Former parliament speaker Yevgeny Shevchuk defeated longtime incumbent Igor Smirnov and a Russian-backed candidate, current parliament speaker Anatoly Kaminsky, in the December presidential election. Shevchuk pledged to reduce barriers to trade and travel with Moldova while promoting Transnistria’s independence and close ties to Russia. All of the parties to the multilateral talks on Transnistria’s status had agreed in September to resume active negotiations after a five-year lull, and an official meeting of the group was held on December 1, with further talks set for February 2012. Also during the year, Transnistrian authorities, under international pressure, pardoned a journalist and a former tax inspector who had both been imprisoned as Moldovan spies.

The Pridnestrovskaya Moldavskaya Respublika (PMR), bounded by the Dniester River to the west and the Ukrainian border to the east, is a breakaway region in eastern Moldova with a large population of ethnic Russians and ethnic Ukrainians. In the rest of Moldova, where the dominant language is essentially identical to Romanian, the separatist region is commonly known as Transnistria. It was attached to the territory that became Moldova when the borders were redrawn under Soviet leader Joseph Stalin in 1940. As the Soviet Union began to collapse in 1990, pro-Russian separatists in Transnistria, fearing that Moldova would unite with neighboring Romania, declared independence from Moldova and established the PMR under an authoritarian presidential system.

With weapons and other assistance from the Russian army, the PMR fought a military conflict with Moldova that ended with a 1992 ceasefire. A new Moldovan constitution in 1994 gave the territory substantial autonomy, but the conflict remained unresolved, and the separatist regime continues to maintain a de facto independence that is not recognized internationally. The Organization for Security and Cooperation in Europe, Russia, and Ukraine have attempted to mediate a final settlement between Moldova and the PMR. In 2005, the United States and the European Union (EU) were invited to join the negotiations as observers, creating the so-called 5+2 format.

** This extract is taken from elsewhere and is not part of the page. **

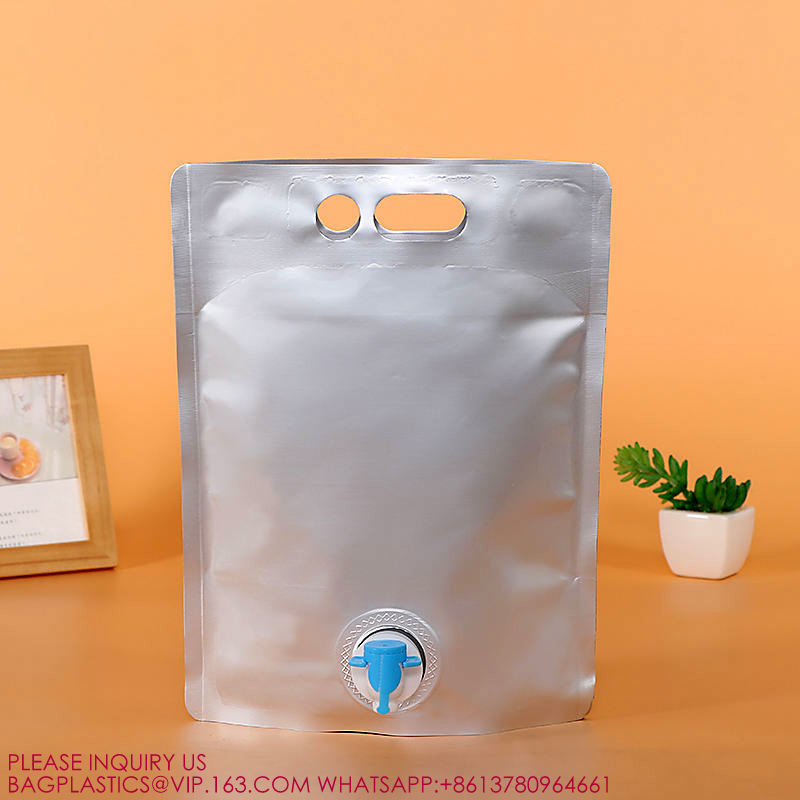 BIB bag in box wine dispenser Liquid Bag in box Tap Wine Packaging Stand Up Spout Pouch
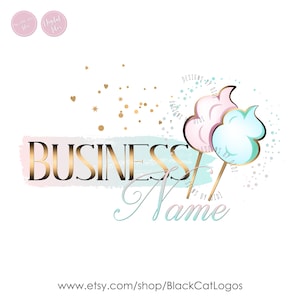 Cotton candy logo, watercolor premade logo, vector cotton candy cute design, children kids logo, vector art watermark, branding package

The formal multilateral talks collapsed in early 2006 and remained dormant for the next several years. In the absence of active 5+2 negotiations, Moldovan president Vladimir Voronin pursued bilateral talks with Russia and took a number of steps to bring Moldova’s foreign policy into line with the Kremlin’s. However, an alliance of pro-European parties swept Voronin and his Communist Party from power in Moldova’s July 2009 elections, and international pressure for renewed talks on Transnistria’s status subsequently increased.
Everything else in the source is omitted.